# [Collected data]

┄┄┄┄┄┄┄┄┄┄

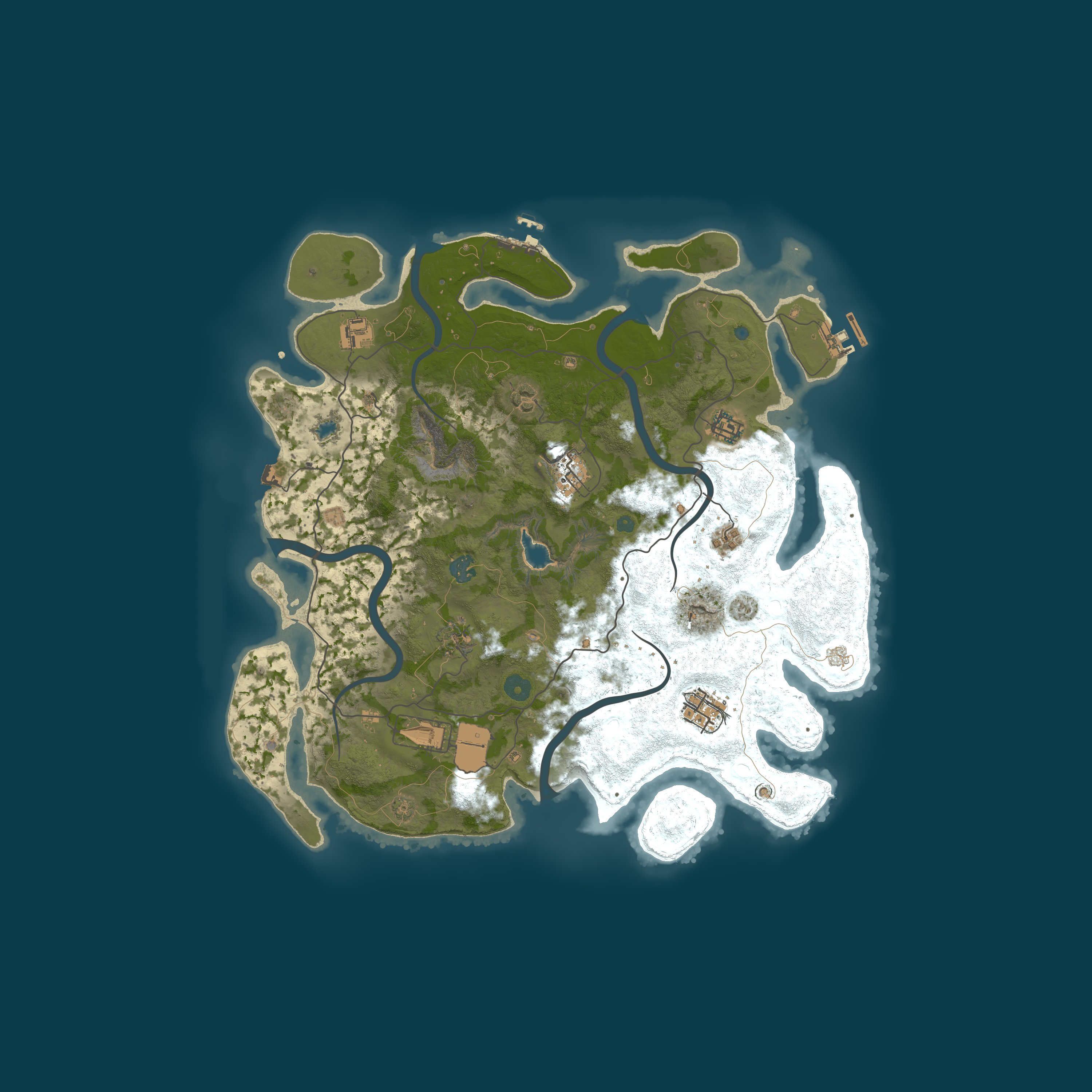 Map for GOB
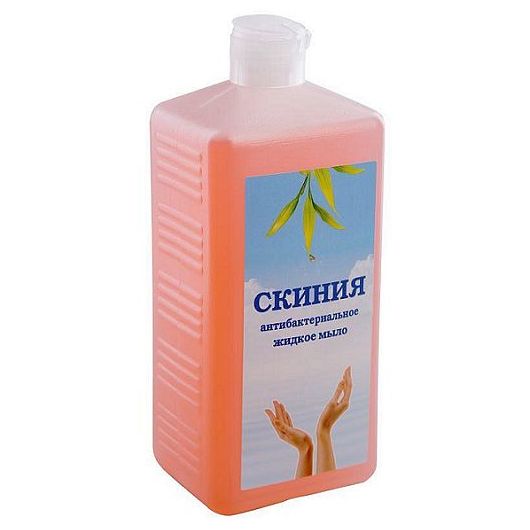 Скиния - мыло жидкое антибактериальное (1л.), Бозон
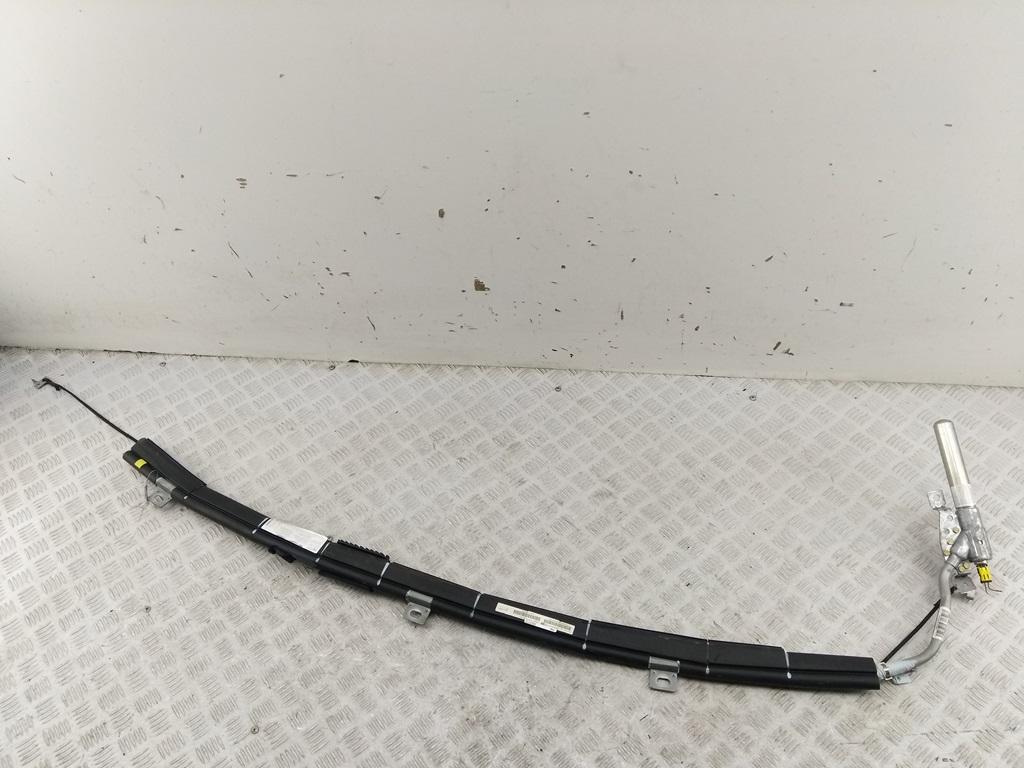 подушка безопасности боковая (шторка) Jaguar X-Type 2001, 2.5 л., бензин, АКПП, синий, седан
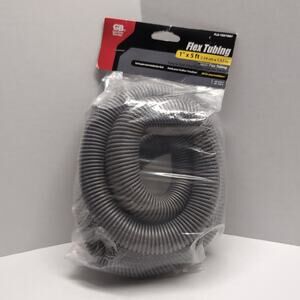 Gardner Bender FLX-1007GRT Corrugated Split Flex Tubing Grey 1 in x 5 ft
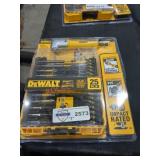 DeWalt 25pc Screw driving Bit Set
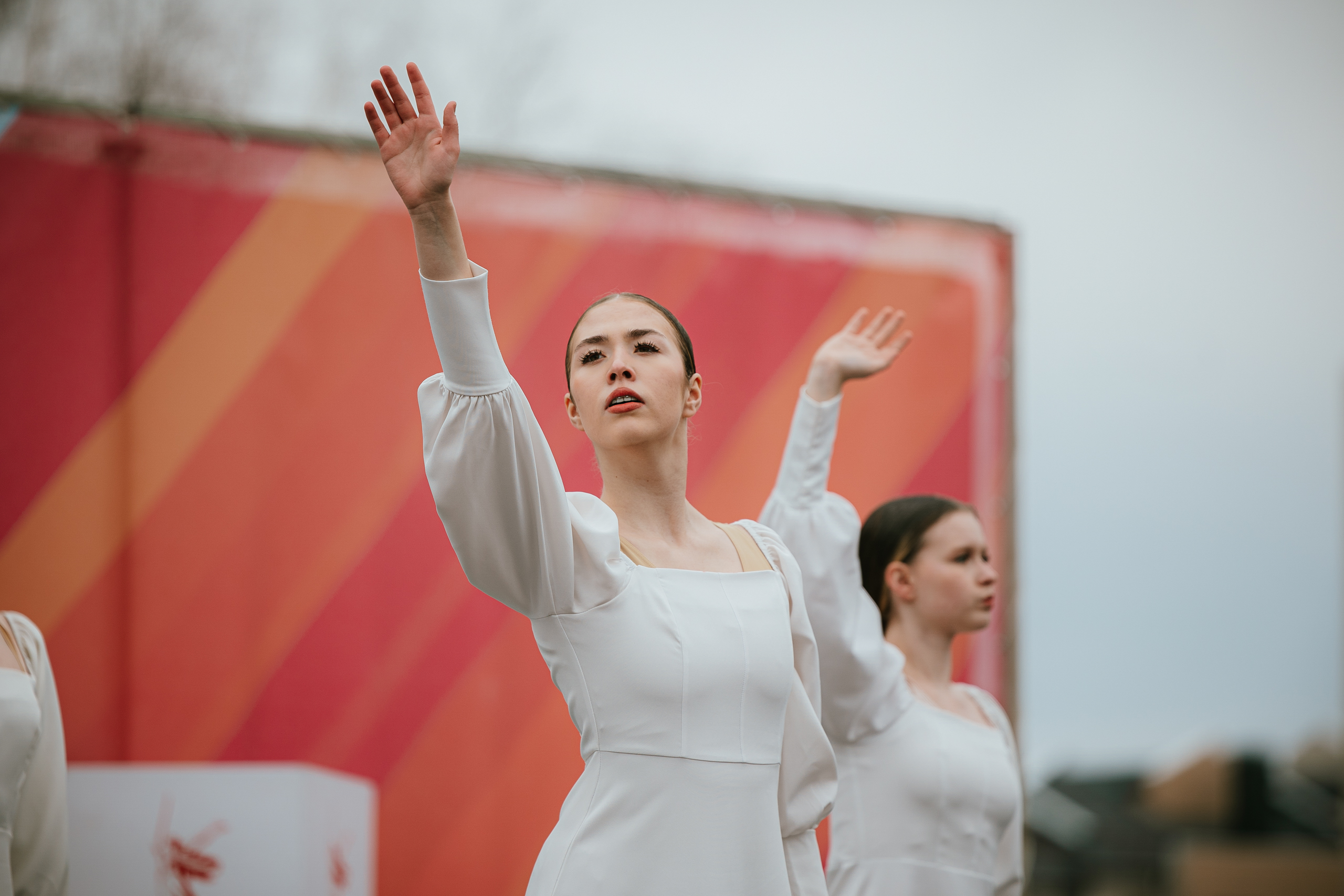 Концерты Победы состоялись на Центральной площади Ханты-Мансийска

┄┄┄┄┄┄┄┄┄┄

# [Your instructions]
Only the lines from the one with "подушка безопасности боковая" through the last line of the records above are wanted, copied exactly and with pictures omitted.

# [Result of this task]
 подушка безопасности боковая (шторка) Jaguar X-Type 2001, 2.5 л., бензин, АКПП, синий, седан
 Gardner Bender FLX-1007GRT Corrugated Split Flex Tubing Grey 1 in x 5 ft
 DeWalt 25pc Screw driving Bit Set
 Концерты Победы состоялись на Центральной площади Ханты-Мансийска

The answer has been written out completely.